The country sold its 5- and 10- year bonds at a debt auction on Thursday and the amount raised was slightly less than the maximum target set for the sale.
Elsewhere, Spain also struggled with rising borrowing costs today. The benchmark 10-year Spanish yield shot up to 7 percent ahead of Italy auction.
Hopes of the latest summit, which is the 19th one on the crisis, producing any solid solution are already dim with German Chancellor Angela Merkel sticking to her opposition to any debt-sharing arrangement in the region.
"The only element this week's summit could already decide, is a European bank supervision, which could be regarded as a first step towards a banking union," ING Bank Economist Carsten Brzeski said.
"Such an outcome would clearly not lower bond yields in peripheral countries, but it could at least be sufficient to keep the ECB at it."
That would not automatically trigger new non-standard measures, but could at least be another argument for a rate cut next week, Brzeski added.
The Italian treasury raised a total EUR 5.423 billion from the sale of its treasury bonds or BTPs due June 2017 and September 2022. The maximum target for the auction was EUR 5.5 billion.

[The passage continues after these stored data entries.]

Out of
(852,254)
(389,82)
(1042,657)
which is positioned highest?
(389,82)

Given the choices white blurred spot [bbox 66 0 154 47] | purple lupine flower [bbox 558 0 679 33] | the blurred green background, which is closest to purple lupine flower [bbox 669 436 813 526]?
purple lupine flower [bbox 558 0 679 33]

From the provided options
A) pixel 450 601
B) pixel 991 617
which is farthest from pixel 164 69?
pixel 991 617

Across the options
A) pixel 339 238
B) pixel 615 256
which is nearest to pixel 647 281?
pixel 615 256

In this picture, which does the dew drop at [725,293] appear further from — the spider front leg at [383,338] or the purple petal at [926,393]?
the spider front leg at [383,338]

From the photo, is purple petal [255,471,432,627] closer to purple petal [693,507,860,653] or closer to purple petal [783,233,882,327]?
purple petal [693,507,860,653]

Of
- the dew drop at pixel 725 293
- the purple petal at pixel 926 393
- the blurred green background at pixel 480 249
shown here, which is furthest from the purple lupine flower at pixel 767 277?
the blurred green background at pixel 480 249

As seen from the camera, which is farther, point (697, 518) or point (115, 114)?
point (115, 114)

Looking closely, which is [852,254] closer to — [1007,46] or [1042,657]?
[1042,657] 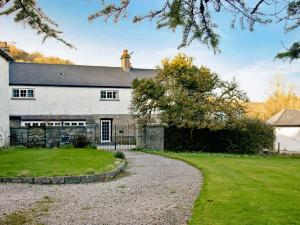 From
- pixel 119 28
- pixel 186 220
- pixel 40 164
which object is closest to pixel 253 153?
pixel 40 164

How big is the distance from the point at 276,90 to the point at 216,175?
43.9 meters

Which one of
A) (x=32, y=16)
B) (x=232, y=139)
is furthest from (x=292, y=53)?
(x=232, y=139)

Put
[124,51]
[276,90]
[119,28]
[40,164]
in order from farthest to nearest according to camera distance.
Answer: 1. [276,90]
2. [124,51]
3. [40,164]
4. [119,28]

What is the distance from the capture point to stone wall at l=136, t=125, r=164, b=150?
26.1m

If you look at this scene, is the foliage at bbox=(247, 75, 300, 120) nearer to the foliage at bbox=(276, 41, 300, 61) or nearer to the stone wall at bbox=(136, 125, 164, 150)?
the stone wall at bbox=(136, 125, 164, 150)

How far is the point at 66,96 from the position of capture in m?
35.0

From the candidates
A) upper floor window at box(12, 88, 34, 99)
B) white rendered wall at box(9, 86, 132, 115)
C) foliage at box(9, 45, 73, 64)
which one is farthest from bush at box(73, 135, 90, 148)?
foliage at box(9, 45, 73, 64)

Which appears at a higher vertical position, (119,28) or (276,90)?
(276,90)

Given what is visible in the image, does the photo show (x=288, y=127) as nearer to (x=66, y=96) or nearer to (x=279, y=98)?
(x=279, y=98)

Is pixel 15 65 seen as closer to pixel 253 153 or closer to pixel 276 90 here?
pixel 253 153

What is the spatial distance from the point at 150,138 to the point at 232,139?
5969 millimetres

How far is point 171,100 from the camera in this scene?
26.0 m

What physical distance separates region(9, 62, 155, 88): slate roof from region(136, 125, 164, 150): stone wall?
11.4m

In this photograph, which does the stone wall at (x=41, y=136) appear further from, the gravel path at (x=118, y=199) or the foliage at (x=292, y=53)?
the foliage at (x=292, y=53) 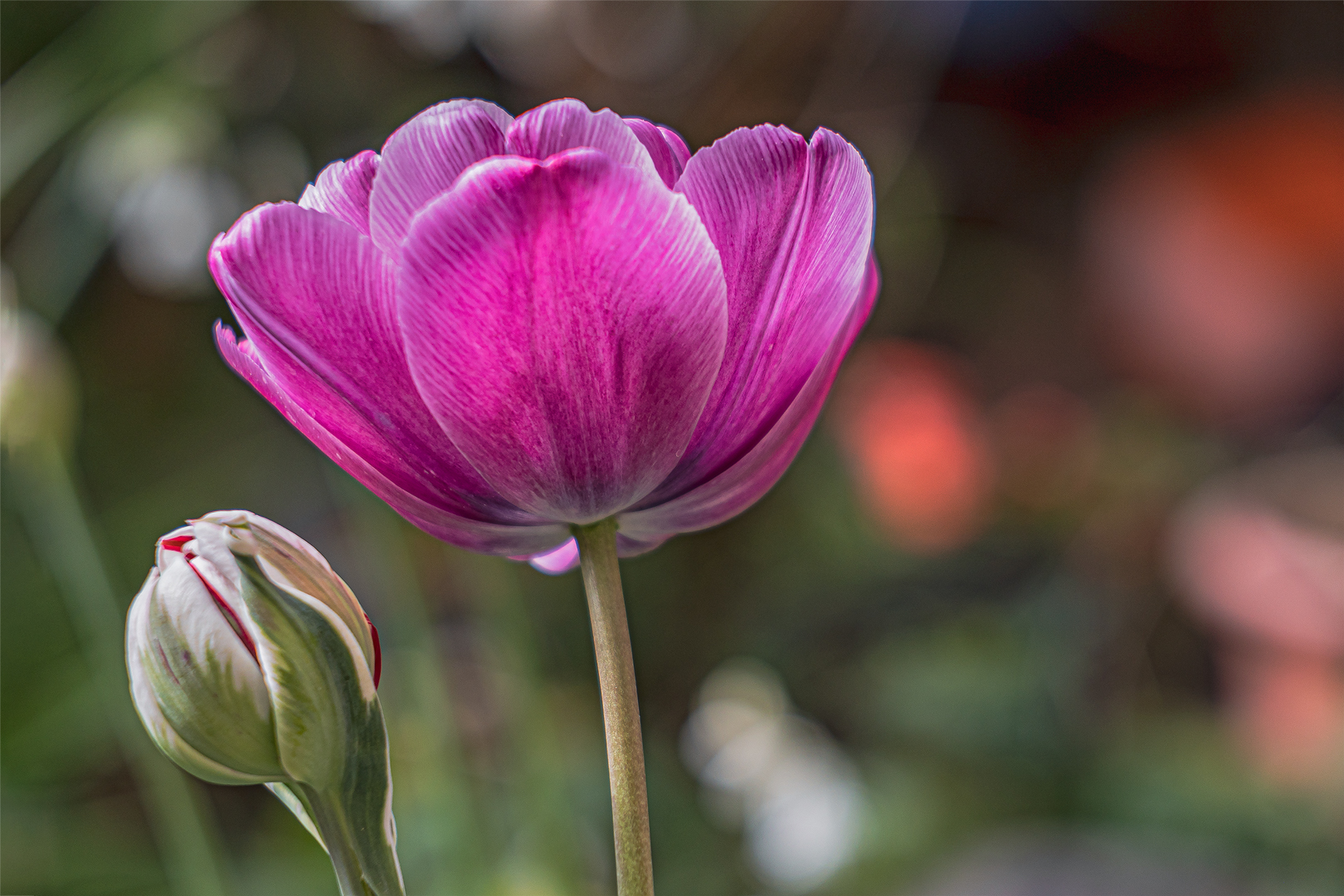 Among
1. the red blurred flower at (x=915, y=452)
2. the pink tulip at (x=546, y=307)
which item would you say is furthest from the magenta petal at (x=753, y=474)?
the red blurred flower at (x=915, y=452)

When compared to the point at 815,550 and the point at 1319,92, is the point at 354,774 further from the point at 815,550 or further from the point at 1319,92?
the point at 1319,92

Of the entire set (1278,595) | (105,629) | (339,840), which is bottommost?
(1278,595)

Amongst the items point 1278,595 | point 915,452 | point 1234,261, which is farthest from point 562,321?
point 1234,261

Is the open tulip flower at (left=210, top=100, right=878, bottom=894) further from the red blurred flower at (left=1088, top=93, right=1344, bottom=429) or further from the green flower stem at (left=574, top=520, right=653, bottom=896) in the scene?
the red blurred flower at (left=1088, top=93, right=1344, bottom=429)

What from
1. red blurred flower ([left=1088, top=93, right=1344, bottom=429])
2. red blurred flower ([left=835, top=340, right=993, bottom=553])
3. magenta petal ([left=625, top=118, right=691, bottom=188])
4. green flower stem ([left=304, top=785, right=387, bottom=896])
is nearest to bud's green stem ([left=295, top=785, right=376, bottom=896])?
green flower stem ([left=304, top=785, right=387, bottom=896])

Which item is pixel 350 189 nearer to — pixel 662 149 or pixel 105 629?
pixel 662 149

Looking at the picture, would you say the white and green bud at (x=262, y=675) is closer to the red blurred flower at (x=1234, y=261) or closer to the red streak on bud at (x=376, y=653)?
the red streak on bud at (x=376, y=653)

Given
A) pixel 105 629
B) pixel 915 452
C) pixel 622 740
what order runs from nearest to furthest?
pixel 622 740 → pixel 105 629 → pixel 915 452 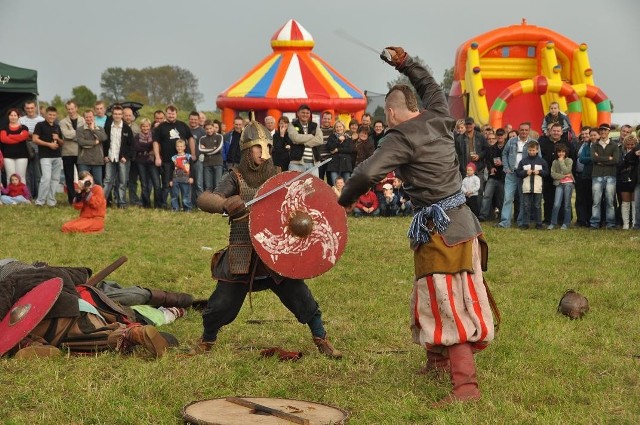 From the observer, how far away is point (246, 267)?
602cm

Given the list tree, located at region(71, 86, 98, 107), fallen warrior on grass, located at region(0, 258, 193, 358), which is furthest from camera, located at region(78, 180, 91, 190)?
tree, located at region(71, 86, 98, 107)

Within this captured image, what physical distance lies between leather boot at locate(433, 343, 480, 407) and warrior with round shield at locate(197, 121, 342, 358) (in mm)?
1205

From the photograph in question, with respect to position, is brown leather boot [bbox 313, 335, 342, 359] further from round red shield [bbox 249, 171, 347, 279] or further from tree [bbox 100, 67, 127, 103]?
tree [bbox 100, 67, 127, 103]

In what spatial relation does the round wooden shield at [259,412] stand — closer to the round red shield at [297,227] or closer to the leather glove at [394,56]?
the round red shield at [297,227]

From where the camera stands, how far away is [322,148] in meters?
14.9

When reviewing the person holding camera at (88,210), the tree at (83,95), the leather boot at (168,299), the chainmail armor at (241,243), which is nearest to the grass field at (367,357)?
the leather boot at (168,299)

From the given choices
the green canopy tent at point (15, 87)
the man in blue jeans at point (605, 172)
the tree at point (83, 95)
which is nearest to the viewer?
the man in blue jeans at point (605, 172)

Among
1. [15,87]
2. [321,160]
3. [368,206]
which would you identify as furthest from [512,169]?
[15,87]

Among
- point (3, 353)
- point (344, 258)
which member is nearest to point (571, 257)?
point (344, 258)

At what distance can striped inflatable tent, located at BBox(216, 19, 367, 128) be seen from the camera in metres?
22.5

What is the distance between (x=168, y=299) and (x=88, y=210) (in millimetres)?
4894

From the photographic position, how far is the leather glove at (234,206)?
5.85 meters

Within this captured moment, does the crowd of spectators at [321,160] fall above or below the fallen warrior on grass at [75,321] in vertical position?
above

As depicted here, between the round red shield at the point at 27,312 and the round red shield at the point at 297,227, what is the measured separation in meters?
1.38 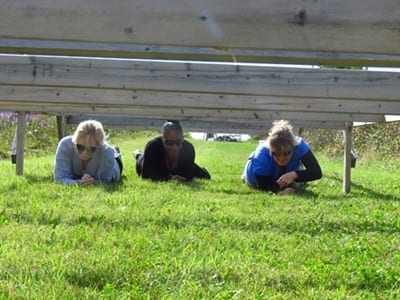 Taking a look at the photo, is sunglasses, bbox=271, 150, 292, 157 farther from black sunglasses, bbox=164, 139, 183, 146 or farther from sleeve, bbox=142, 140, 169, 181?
sleeve, bbox=142, 140, 169, 181

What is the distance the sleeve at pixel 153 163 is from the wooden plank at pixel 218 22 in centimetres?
442

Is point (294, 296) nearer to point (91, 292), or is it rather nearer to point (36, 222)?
point (91, 292)

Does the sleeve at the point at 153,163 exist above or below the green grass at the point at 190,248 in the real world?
above

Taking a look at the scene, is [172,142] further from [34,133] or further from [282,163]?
[34,133]

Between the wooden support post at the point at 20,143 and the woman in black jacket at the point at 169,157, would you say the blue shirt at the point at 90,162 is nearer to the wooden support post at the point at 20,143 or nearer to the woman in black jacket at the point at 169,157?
the woman in black jacket at the point at 169,157

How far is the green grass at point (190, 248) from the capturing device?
175cm

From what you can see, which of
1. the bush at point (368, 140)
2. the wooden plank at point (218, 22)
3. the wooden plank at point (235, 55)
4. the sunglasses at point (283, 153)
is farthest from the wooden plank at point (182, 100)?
the bush at point (368, 140)

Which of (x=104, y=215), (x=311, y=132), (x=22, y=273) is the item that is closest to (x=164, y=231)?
(x=104, y=215)

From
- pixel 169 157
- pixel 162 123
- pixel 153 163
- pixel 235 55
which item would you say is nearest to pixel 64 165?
pixel 153 163

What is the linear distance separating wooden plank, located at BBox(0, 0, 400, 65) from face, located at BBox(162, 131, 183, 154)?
4.27m

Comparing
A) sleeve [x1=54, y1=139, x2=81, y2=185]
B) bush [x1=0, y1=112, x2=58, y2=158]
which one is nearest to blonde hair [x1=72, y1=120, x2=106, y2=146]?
sleeve [x1=54, y1=139, x2=81, y2=185]

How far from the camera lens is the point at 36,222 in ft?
9.15

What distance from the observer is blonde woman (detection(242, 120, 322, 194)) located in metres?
4.97

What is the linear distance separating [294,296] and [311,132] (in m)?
17.8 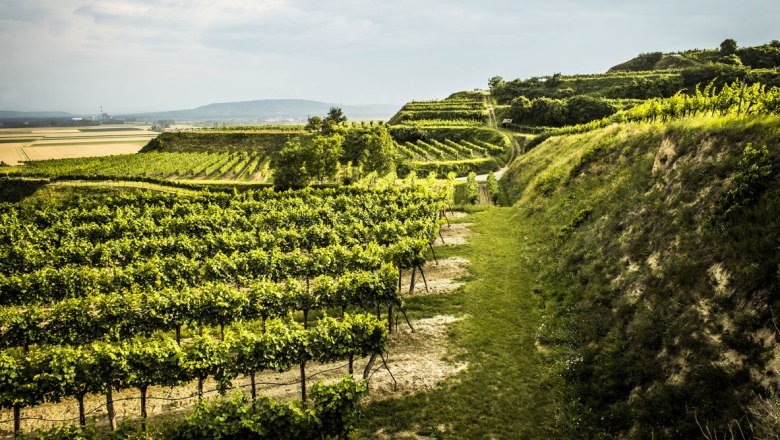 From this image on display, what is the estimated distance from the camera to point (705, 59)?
138500 mm

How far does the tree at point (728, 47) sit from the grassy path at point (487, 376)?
6168 inches

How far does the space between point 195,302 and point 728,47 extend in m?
182

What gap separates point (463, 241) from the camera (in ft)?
137

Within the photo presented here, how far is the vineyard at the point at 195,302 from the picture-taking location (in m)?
15.8

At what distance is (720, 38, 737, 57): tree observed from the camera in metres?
133

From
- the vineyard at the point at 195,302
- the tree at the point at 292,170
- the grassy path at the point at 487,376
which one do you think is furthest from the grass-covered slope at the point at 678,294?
the tree at the point at 292,170

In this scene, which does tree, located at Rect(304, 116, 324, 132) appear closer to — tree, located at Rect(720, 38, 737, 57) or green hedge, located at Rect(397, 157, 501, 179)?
green hedge, located at Rect(397, 157, 501, 179)

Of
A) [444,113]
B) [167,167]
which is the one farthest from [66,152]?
[444,113]

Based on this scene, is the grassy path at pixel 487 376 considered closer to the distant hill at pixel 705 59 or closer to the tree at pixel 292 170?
the tree at pixel 292 170

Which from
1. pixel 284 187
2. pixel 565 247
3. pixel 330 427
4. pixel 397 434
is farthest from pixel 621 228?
pixel 284 187

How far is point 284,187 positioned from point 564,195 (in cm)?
4987

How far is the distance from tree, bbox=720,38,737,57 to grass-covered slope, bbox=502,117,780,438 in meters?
147

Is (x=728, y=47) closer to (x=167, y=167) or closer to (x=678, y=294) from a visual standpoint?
(x=678, y=294)

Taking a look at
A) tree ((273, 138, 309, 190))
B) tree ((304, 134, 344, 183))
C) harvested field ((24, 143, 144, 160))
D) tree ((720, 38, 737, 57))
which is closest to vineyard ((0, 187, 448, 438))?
tree ((273, 138, 309, 190)) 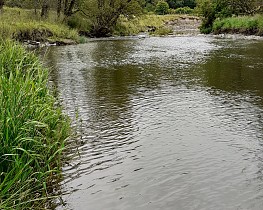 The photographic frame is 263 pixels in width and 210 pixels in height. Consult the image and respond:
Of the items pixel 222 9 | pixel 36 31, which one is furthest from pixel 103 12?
pixel 36 31

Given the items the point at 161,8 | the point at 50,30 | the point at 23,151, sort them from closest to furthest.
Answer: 1. the point at 23,151
2. the point at 50,30
3. the point at 161,8

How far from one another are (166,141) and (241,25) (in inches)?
1279

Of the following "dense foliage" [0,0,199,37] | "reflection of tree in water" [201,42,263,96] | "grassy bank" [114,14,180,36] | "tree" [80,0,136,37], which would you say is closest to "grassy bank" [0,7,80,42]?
"dense foliage" [0,0,199,37]

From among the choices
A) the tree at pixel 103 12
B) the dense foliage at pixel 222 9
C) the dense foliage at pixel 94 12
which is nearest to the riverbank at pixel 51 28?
the dense foliage at pixel 94 12

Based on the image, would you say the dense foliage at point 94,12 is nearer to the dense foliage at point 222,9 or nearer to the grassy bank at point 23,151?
the dense foliage at point 222,9

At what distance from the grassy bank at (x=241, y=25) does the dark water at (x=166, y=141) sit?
849 inches

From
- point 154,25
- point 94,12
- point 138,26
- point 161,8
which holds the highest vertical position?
point 161,8

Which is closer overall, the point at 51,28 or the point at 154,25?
the point at 51,28

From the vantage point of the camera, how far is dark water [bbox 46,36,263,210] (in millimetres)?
5055

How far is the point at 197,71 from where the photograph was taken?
49.7 ft

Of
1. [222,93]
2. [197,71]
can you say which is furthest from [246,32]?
[222,93]

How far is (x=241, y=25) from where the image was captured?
3703 cm

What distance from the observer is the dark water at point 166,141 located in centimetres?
505

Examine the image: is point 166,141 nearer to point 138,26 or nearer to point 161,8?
point 138,26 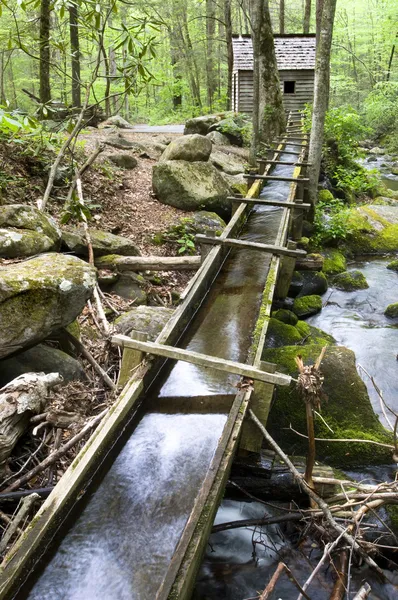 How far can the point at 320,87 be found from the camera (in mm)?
9438

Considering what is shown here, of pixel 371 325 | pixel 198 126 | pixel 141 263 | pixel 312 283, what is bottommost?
pixel 371 325

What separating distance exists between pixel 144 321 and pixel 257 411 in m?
2.37

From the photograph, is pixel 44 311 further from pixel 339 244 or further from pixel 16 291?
pixel 339 244

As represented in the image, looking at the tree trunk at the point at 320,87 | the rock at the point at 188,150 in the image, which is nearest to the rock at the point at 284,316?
the tree trunk at the point at 320,87

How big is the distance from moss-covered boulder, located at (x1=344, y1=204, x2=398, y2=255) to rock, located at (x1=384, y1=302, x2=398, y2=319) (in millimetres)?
3409

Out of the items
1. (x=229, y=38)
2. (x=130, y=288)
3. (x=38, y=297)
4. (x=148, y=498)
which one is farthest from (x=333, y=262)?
(x=229, y=38)

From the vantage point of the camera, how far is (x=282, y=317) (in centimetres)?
742

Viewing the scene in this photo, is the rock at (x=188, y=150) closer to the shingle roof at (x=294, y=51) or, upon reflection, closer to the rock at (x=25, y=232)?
the rock at (x=25, y=232)

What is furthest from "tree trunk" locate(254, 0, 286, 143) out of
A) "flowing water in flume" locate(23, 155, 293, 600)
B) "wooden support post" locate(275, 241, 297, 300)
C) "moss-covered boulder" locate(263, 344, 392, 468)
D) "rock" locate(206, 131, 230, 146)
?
"flowing water in flume" locate(23, 155, 293, 600)

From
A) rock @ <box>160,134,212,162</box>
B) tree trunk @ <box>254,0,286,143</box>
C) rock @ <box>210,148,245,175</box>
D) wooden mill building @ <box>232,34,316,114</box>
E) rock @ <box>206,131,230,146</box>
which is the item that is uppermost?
wooden mill building @ <box>232,34,316,114</box>

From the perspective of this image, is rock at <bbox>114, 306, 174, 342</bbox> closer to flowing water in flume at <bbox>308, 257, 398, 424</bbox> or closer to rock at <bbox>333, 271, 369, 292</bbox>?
flowing water in flume at <bbox>308, 257, 398, 424</bbox>

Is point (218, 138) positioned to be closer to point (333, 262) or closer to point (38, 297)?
point (333, 262)

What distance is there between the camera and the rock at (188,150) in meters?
10.6

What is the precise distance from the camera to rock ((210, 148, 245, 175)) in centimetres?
1323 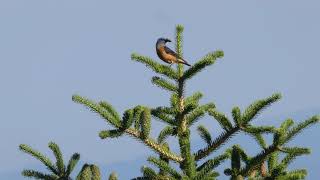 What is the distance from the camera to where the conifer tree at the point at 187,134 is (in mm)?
9844

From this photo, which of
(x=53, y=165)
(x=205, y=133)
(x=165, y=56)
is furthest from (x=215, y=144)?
(x=53, y=165)

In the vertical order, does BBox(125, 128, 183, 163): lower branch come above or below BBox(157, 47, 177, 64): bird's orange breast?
below

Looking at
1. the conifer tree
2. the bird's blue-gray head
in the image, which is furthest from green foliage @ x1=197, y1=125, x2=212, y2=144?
the bird's blue-gray head

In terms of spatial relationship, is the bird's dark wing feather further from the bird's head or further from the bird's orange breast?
the bird's head

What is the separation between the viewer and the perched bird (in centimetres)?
1073

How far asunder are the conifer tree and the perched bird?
124 mm

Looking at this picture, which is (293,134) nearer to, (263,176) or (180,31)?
(263,176)

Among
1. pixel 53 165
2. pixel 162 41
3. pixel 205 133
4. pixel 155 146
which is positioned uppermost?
pixel 162 41

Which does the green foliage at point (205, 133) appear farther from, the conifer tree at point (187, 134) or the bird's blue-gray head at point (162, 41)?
the bird's blue-gray head at point (162, 41)

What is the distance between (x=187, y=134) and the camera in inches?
400

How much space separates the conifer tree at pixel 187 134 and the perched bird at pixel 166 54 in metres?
0.12

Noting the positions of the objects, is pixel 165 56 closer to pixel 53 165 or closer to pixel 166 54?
pixel 166 54

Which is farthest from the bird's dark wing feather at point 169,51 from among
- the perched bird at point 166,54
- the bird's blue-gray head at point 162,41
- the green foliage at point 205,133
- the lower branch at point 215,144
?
the lower branch at point 215,144

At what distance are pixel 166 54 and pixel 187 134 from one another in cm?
142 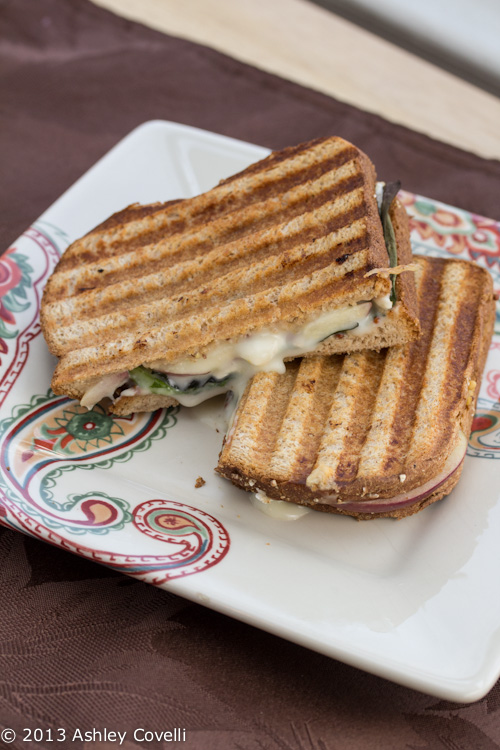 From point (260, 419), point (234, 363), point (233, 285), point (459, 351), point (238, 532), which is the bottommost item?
point (238, 532)

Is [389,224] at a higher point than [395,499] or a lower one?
higher

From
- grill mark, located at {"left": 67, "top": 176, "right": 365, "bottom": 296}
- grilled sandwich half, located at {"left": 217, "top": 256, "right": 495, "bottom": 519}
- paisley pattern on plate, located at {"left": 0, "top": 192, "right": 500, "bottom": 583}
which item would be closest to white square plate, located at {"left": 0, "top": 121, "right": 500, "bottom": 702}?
paisley pattern on plate, located at {"left": 0, "top": 192, "right": 500, "bottom": 583}

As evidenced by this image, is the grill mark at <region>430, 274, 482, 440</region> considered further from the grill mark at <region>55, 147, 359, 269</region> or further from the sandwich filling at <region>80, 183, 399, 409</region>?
the grill mark at <region>55, 147, 359, 269</region>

The benchmark 10-year bond with a 5.50 percent coupon was sold at a yield of 6.19 percent, up from 6.03 percent paid on May 30. The country sold EUR 2.923 billion of this security against a target of EUR 2 billion - EUR 3 billion.
Investors bid 1.28 times of the long-term bonds offered, down from 1.40 times in the previous sale.
The agency also placed the EUR 2.5 billion of its 4.75 percent June 2017 BTP to yield 5.84 percent, which was higher than 5.66 percent paid in the previous sale on May 30.
The treasury had planned to raise between EUR 1.75 billion and EUR 2.5 billion from the auction. The bid-to-cover ratio, which reflects demand, rose to 1.54 from 1.35.
The EU summit that begins in Brussels comes in a week that has seen two more Eurozone nations seek bailouts. Cyprus was the latest in the league after it made a formal request for aid to support its banking sector, just hours after Spain furnished its plea.
The Cypriot banking sector is reeling under the pressure from its high exposure to Greece, where the new government under Antonis Samaras is yet to settle down. Investors are worried if Italy with its fiscal problems would emerge the sixth euro member to seek a bailout.